Elizabeth Manning Murphy DE

The inaugural winner of IPEd’s Janet Mackenzie Medal is Canberra-based Elizabeth Manning Murphy DE.

 

Elizabeth is principal of Elizabeth M Murphy & Associates and an author, editor, trainer, mentor and business consultant.

 

She is an honorary life member of IPEd and the Canberra Society of Editors (CSE), a CSE past president and remains on the CSE committee. 

 

The Mackenzie is IPEd’s highest award. It is given to an outstanding professional editor who has lifted the standard of the editing profession and/or given exemplary service to IPEd. 

 

The award honours Janet Mackenzie DE (1947–2018), who was an honorary life member (and founding member) of Editors Victoria and served IPEd in many capacities over many years, including as a member of the first Standards Working Group, 1998–2001, and on the Style manual 7th Edition Steering Group, an IPEd working party. Janet resigned from that working party only weeks before her death in September 2018. 

 

Elizabeth and Janet knew each other well and worked together as members of an IPEd group that developed the accreditation exam in 2007. ‘Janet was an inspiration to me and many other editors,’ she said.

 

Elizabeth’s interest in language began at the kitchen table as a child when her father insisted only French be spoken at meal times.

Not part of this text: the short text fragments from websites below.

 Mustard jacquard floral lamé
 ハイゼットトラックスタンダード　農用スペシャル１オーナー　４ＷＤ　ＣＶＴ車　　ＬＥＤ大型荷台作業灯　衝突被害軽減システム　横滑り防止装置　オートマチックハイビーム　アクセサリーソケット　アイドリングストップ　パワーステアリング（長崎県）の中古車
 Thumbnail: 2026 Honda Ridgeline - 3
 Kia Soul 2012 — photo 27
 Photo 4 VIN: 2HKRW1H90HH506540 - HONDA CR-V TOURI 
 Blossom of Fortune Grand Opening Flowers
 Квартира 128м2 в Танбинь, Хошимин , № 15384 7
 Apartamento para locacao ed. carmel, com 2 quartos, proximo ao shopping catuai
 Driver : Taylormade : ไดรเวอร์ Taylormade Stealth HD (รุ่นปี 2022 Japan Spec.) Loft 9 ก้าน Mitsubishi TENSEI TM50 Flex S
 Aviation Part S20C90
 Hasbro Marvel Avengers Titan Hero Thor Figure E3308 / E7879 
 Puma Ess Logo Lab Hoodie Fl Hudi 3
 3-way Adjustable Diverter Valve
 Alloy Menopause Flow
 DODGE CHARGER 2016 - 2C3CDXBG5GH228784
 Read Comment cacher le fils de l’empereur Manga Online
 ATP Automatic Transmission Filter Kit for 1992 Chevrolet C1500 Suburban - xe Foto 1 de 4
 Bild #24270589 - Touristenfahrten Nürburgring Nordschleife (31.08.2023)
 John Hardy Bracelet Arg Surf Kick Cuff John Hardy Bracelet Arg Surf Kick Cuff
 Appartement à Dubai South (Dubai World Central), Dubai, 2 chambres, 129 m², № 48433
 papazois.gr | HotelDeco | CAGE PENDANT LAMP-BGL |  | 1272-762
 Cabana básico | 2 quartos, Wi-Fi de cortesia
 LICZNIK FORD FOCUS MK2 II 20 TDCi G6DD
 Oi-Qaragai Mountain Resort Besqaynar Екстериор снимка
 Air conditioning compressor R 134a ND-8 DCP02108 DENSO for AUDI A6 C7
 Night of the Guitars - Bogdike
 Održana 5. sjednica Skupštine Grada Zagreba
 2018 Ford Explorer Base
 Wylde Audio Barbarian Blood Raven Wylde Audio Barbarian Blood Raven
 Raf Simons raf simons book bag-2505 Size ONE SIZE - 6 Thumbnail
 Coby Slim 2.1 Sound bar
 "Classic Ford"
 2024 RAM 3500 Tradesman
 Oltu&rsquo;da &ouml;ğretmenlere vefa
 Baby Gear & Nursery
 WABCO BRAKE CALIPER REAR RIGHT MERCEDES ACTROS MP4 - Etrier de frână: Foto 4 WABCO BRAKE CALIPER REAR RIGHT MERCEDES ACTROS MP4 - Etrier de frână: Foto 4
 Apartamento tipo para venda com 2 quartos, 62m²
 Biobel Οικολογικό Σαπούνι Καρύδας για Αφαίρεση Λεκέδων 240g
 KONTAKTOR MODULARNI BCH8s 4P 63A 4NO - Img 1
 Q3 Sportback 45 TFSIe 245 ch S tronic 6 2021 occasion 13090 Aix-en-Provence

Then a ‘grammar fusspot’ English teacher instilled into her the nuances of sound grammar.

 

She later graduated with a BA (Hons) in Linguistics from the Australian National University.

 

Elizabeth did not consciously decide on a career as a writer and editor – 'I just fell into it'. It followed many years as a part-time teacher, predominantly in the TAFE system.

 

She has written more than 15 books, including Effective writing: plain English at work and Working Words. (Both are available to members at discounted rates. Log into the member portal to access the member discounts page.)

 

She has taught English and professional writing at universities and developed and presented workshops in English grammar and effective writing in plain English style. 

 

She is an editorial adviser to the 7th edition of the Style manual and joint coordinator of the IPEd Mentoring Program. She says mentoring ‘isn’t teaching, counselling or coaching, but contains a little bit of all of them’.

 

Elizabeth established her consultancy in 1979. It provides communication skills assistance, training, and writing and editing services to federal and state government departments and private organisations and individuals in Australia, Fiji, South Africa and the UK.

 

Her editing focuses on non-fiction and research theses, often for students whose first language is not English. Her favourite work is editing theses because she learns so much about so many different subjects.

 

When told of her selection as the inaugural Mackenzie winner, Elizabeth was ‘gob-smacked, to put it mildly’.

 

She mused on why she was selected, but an impressive eight-page CV attests to her commitment to the editing profession and desire to help her colleagues.

 

Her teaching ability is renowned. Elizabeth’s Grammar in a nutshell workshop has been presented around Australia and overseas


Any writing she edits will be full of comments. 'I explain in words they understand, in plain English.'

 

She is focused on lifting standards in editing. 'So many editors didn’t learn grammar at school and I see they need to ask questions about even simple things, like commas and hyphens.

 

‘All editors who also write should get their own work edited. Everyone can make mistakes; sometimes you can’t see your own silly slips.’ 

 

Elizabeth says she is ‘truly honoured to be the inaugural recipient of the Mackenzie’ and has pledged to continue her work for a long time to come. ‘I’m not slowing down at all.’